EXERCISE REQUIREMENTS. So that the copy stays text only, transcribe the data below exactly and exclude the images.

DATA EXCERPT.
· · · ·
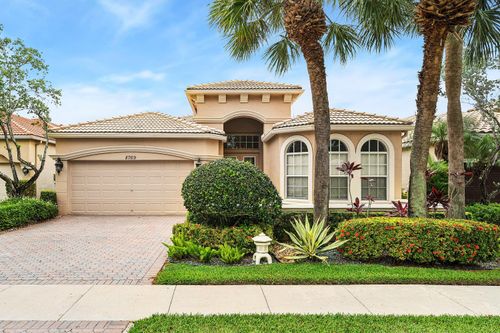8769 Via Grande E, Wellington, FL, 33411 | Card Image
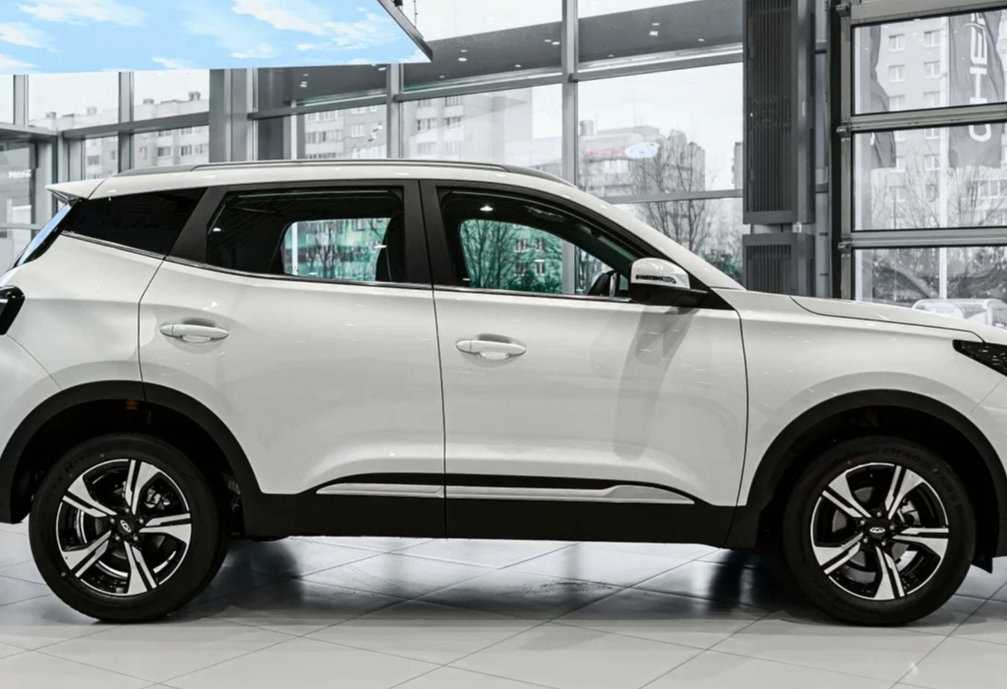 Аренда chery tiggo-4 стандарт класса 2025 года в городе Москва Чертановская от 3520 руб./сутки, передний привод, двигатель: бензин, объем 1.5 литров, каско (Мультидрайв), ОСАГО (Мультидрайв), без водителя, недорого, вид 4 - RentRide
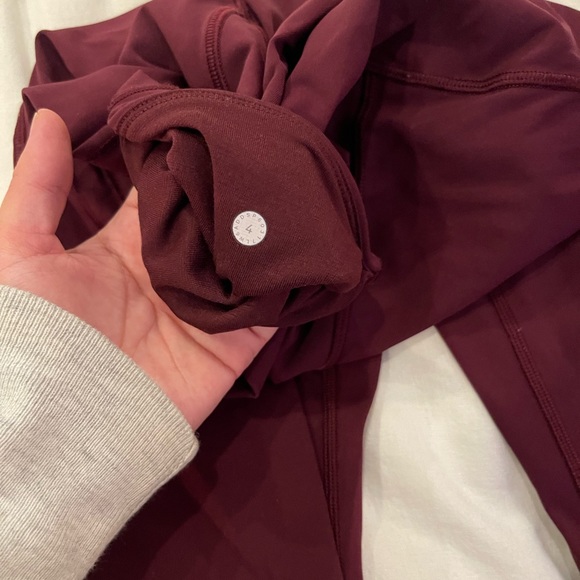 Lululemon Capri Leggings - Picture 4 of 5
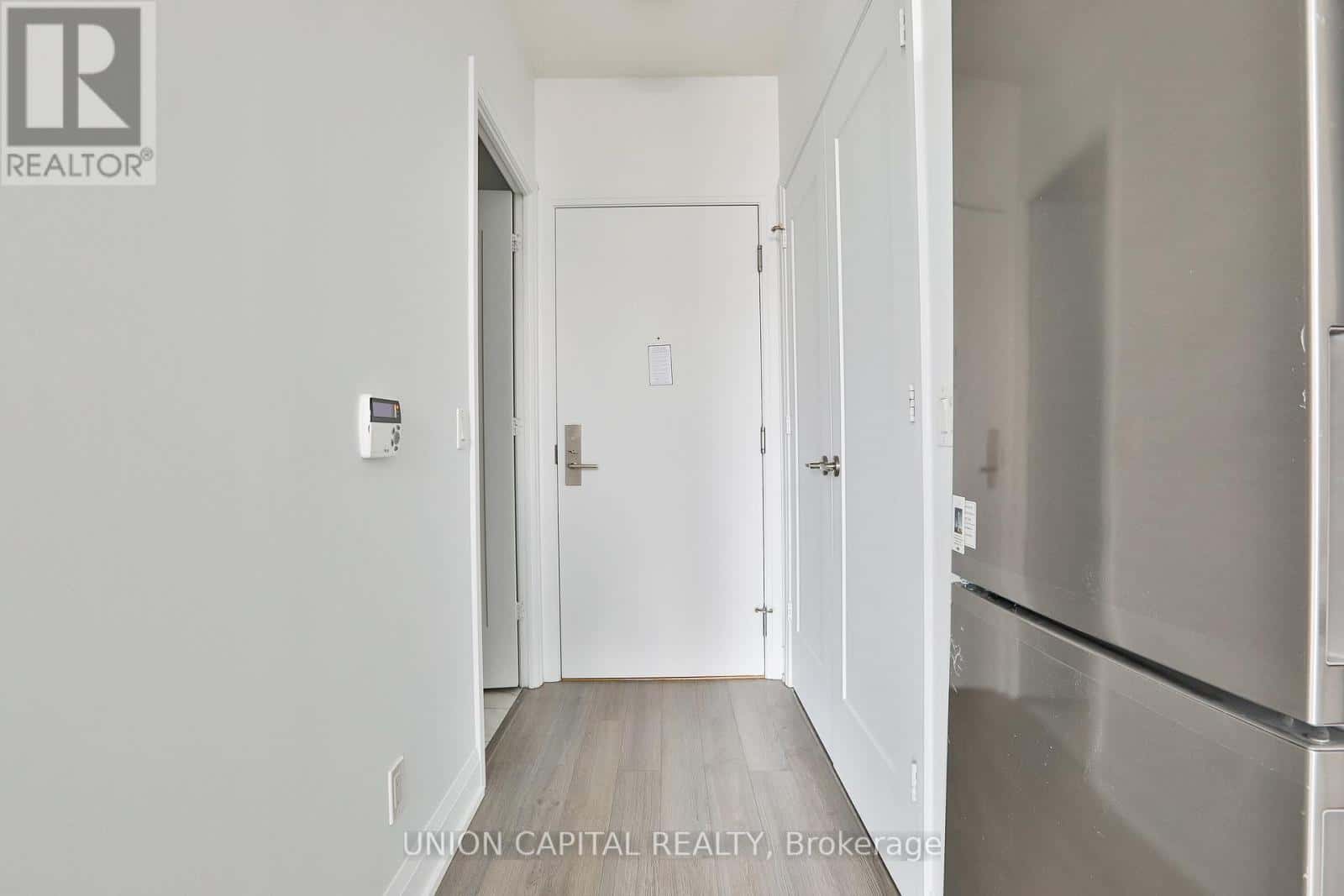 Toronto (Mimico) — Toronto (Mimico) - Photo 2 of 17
· · · ·
ANSWER BOX.
8769 Via Grande E, Wellington, FL, 33411 | Card Image
 Аренда chery tiggo-4 стандарт класса 2025 года в городе Москва Чертановская от 3520 руб./сутки, передний привод, двигатель: бензин, объем 1.5 литров, каско (Мультидрайв), ОСАГО (Мультидрайв), без водителя, недорого, вид 4 - RentRide
 Lululemon Capri Leggings - Picture 4 of 5
 Toronto (Mimico) — Toronto (Mimico) - Photo 2 of 17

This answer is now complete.